Potaje de garbanzos, torrijas, hornazo, mona de Pascua… ¿Cuál es el plato por antonomasia de la Semana Santa? Es curioso que cuando la Cuaresma no significa nada especial para la mayoría de la gente y la Semana Santa es más sinónimo de vacaciones que tiempo de oración y penitencia, todavía siguen en el imaginario gastronómico colectivo esos potentes y calóricos platos y dulces que nacieron siglos atrás acompasados al calendario cuaresmal.

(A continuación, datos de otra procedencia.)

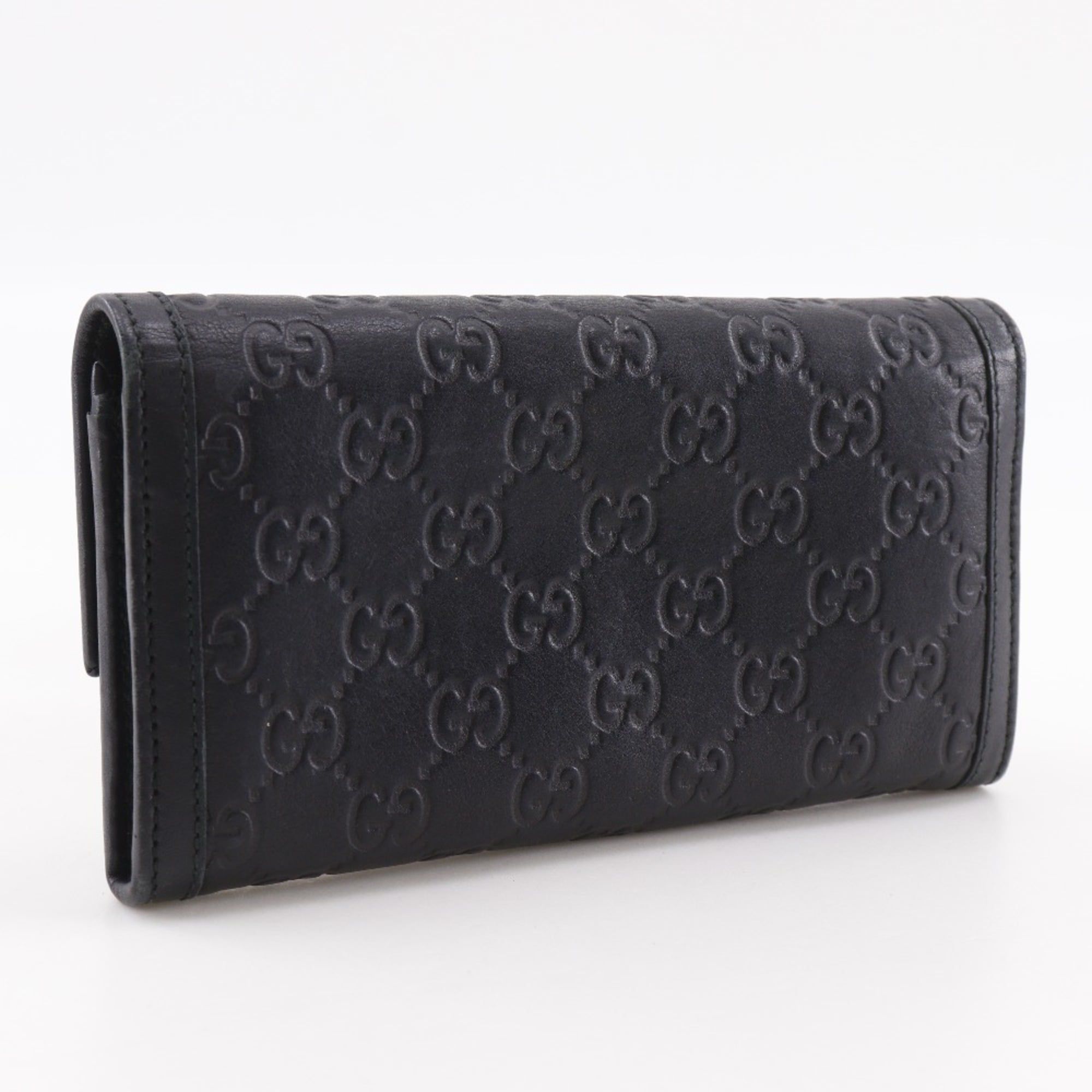 Leather Long Wallet (Bi-Fold) (Pre-Owned) - Gucci - Modalova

En esta España cada vez más laica, puede que ya ni los católicos guarden el ayuno y la abstinencia que corresponde a los viernes de Cuaresma, pero serán pocas las casas en las que, es esos cuarenta días, no se haya cocinado algún potaje. Guiso de tierra adentro, el potaje, con sus garbanzos, sus espinacas y su bacalao, era la solución cuando la ortodoxia vetaba la posibilidad de comer carne. Tiempos hubo, no tan lejanos, en los que pedir carne un viernes de Cuaresma en un restaurante suscitaba una respuesta cortante del camarero: “¿no sabe usted que es viernes? Aquí, hoy, no servimos carne”. El caso es que de esas penitencias culinarias nos ha quedado este estupendo plato al que el imaginario colectivo y nostálgico de los mayores eleva a la categoría de extraordinario y del que nadie se explica como casa con el ayuno y la penitencia de los días para los que se creó.
El potaje tiene en común con el resto de la gastronomía cuaresmal un elevado aporte calórico. Por ejemplo, la torrija: Pan empapado en leche endulzada, que se reboza con huevo, se fríe y se deja enfriar en almíbar. Los medidores de calorías saltan por los aires ante este dulce al que, si embargo, nadie es capaz de renunciar en estos días. Y qué decir de los hornazos, esos bollos de aceite coronados por uno, dos o varios huevos cocidos con su cáscara. Es más dulce pascual, por lo que cabe decir que, al menos, no trasgrede las normas cuaresmales, pero también se deja sentir en la báscula. Dulce de celebración, en algunos pueblos era costumbre que el chico, que había oficializado su noviazgo con una chica, encargase para ella un gran hornazo con, al menos, una docena de huevos. Si alguien quiere buscarle segundos significados, es libre.
Se consumía en el campo, en una alegre merienda, aprovechando los primeros asomos de la primavera.
En las zonas de Levante, esa forma del hornazo se llama mona de Pascua.
Otros hornazos, no menos sabrosos, encierran en la torta buenos trozos de chorizo, tocino o jamón, que al calor del horno terminan por impregnar a todo el pan con su grasa. Grasa que le da un sabor especial, pero que no se disuelve por arte de magia al comerla: en algún sitio se queda.
Más fino es el huevo de Pascua, que supone todo un trabajo artesanal para dar colorido a estos huevos cocidos (nada que ver con un Kinder) cuya cáscara se decora con filigranas de mil colores y que siempre han hecho las delicias de los niños, a los que es costumbre que se los regalen tíos, padrinos y demás parientes.
Si cuando un día de estos vayas al gimnasio te encuentras con que es especialmente difícil coger sitio en la bicicleta o en la cinta de running, puedes imaginarte a qué se debe.
Posiblemente, tú hayas pensado también en hacer unos minutos más de ejercicio para que se te perdonen los pecados.